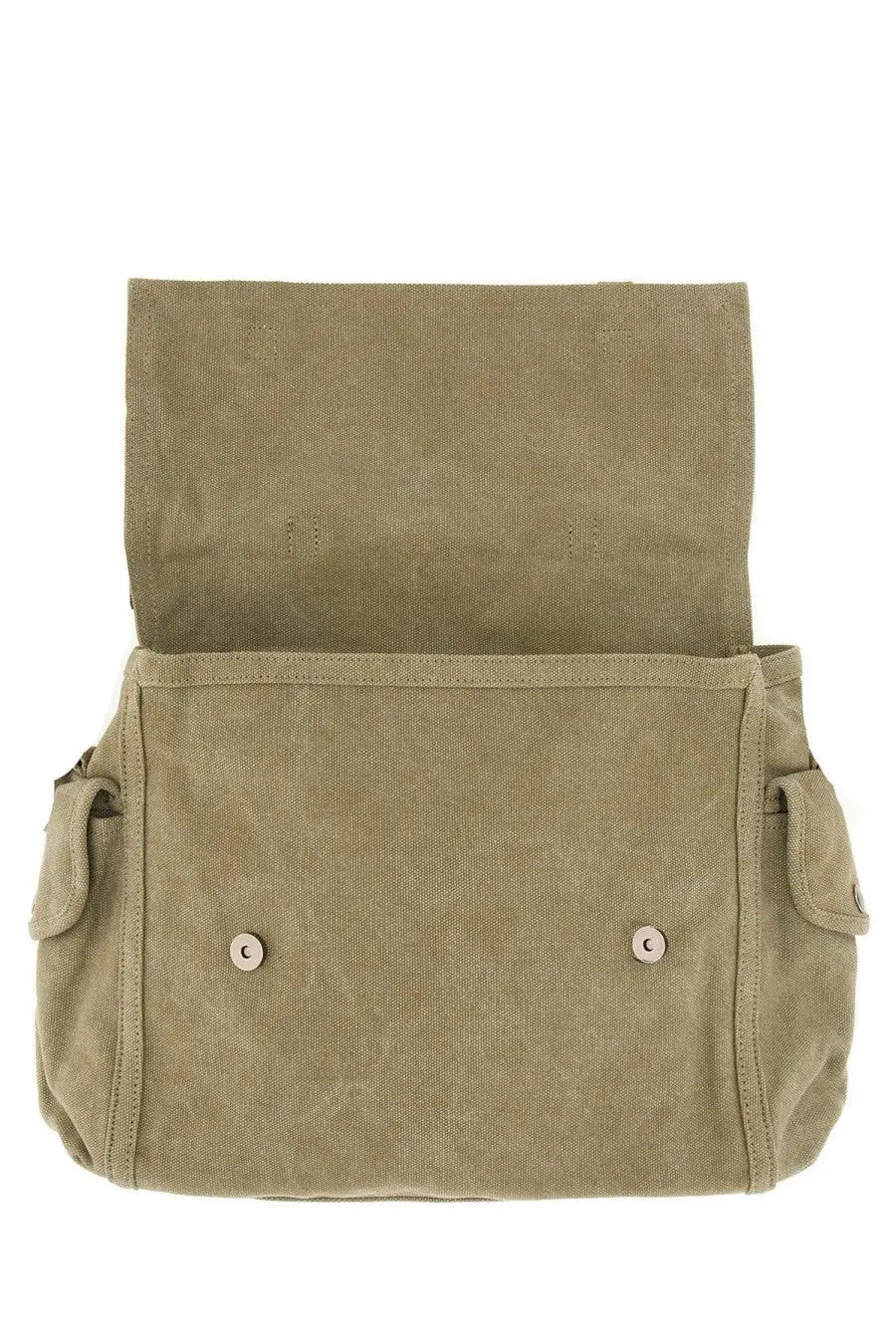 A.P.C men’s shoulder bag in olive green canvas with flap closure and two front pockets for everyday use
--
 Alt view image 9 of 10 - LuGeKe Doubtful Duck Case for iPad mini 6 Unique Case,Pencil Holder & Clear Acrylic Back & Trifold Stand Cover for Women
* * *
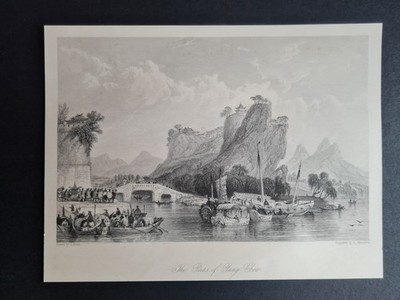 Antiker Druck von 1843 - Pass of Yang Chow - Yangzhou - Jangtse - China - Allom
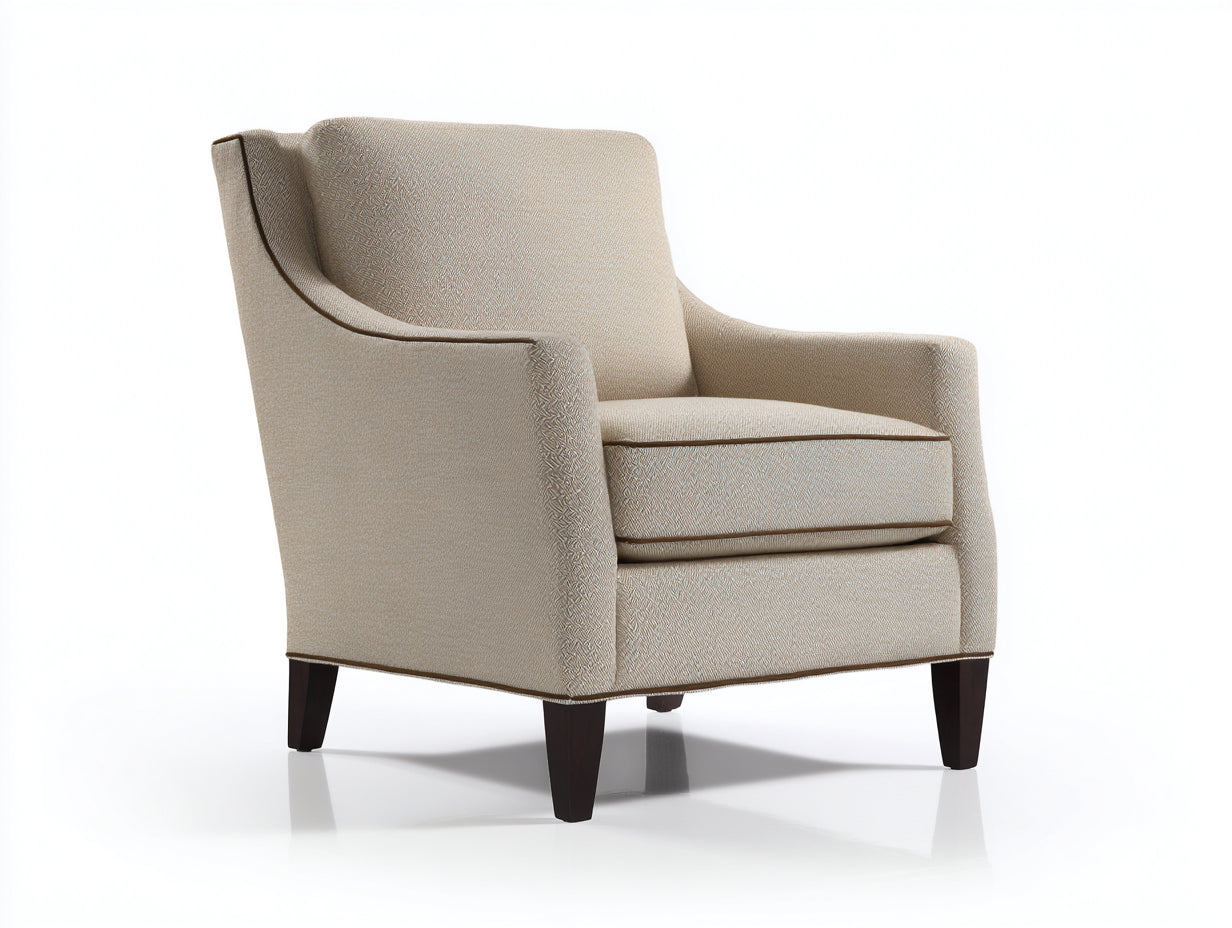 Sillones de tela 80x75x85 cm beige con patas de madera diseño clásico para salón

» **THE TASK**: Would you restate, exactly and with no pictures, the lines of the entries above from the one containing "Antiker Druck von" through the one containing "Sillones de tela"?

» **PROBLEM SOLUTION**:
 Antiker Druck von 1843 - Pass of Yang Chow - Yangzhou - Jangtse - China - Allom
 Sillones de tela 80x75x85 cm beige con patas de madera diseño clásico para salón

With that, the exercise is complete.